I as deduções previstas nos arts 13º nº2 al.a) e 52º n3 da LCCT não abarcam as quantias recebidas a título de subsídio de desemprego. Nessa parte, cabe à Segurança Social accionar os mecanismos legais com vista à respectiva recuperação (art33º do Dl79-A/89, de 13/03).
II- Sendo o despedimento declarado ilícito e o tribunal condenar a entidade patronal a pagar ao trabalhador os salários vencidos desde a data do despedimento até à data da sentença (ou desde o 30º dia anterior à data da propositura da acção até à data da sentença), deve-se remeter ao Centro Regional da Segurança Social competente uma certidão dessa sentença a fim deste accionar os mecanismos legais referidos com vista à recuperação do subsídio de desemprego pago durante esse período ao trabalhador.
III- Esta prática infelizmente não está instituída e as omissões dos serviços dos tribunais e da segurança social nesta matéria têm gerado situações de flagrante injustiça e uma sangria enorme nos fenómenos da segurança social em pagamento de subsídios de desemprego que deviam ser recuperados e não foram.

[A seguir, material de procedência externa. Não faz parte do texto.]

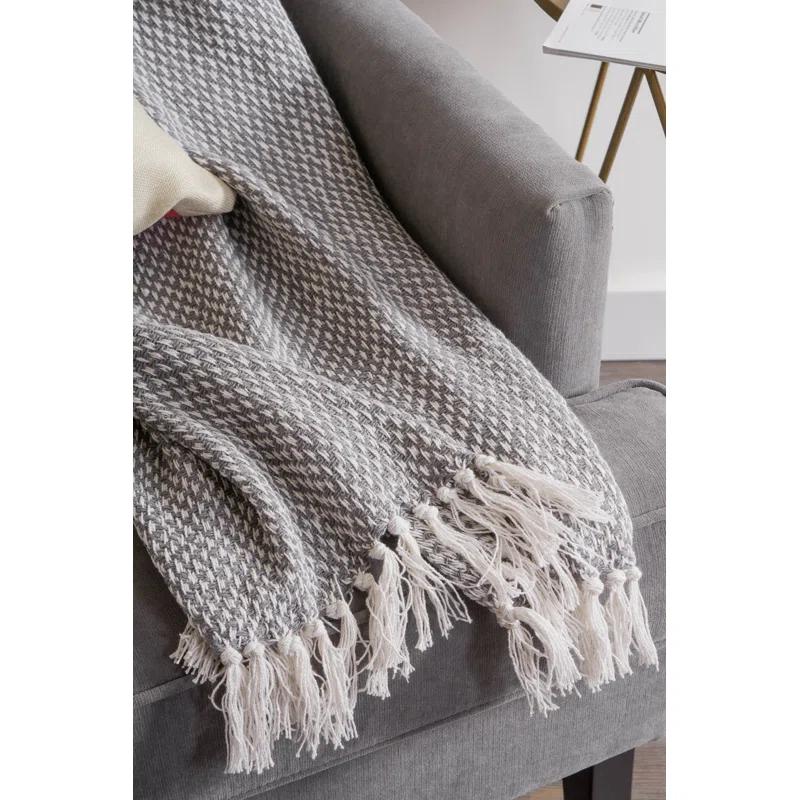 Design Imports Hand Woven Throw Blanket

IV- face ao estatuído nos arts 13º nºs 1 e 2 e 52º nºs 2 e 3 da LCCT, compete ao trabalhador, nas acções de impugnação de despedimento, descriminar zelosamente todas as quantias entretanto recebidas a título de actividade laboral iniciada após o despedimento, indicando a data do início da entidade patronal que lhe abona esses salários.
V- Se o trabalhador omitir esse dever de cooperação, aguardando que a outra parte detecte essas situações, deve ser considerado como litigante de má-fé (artº456º nº2 als) a) e c) do C.P.C.)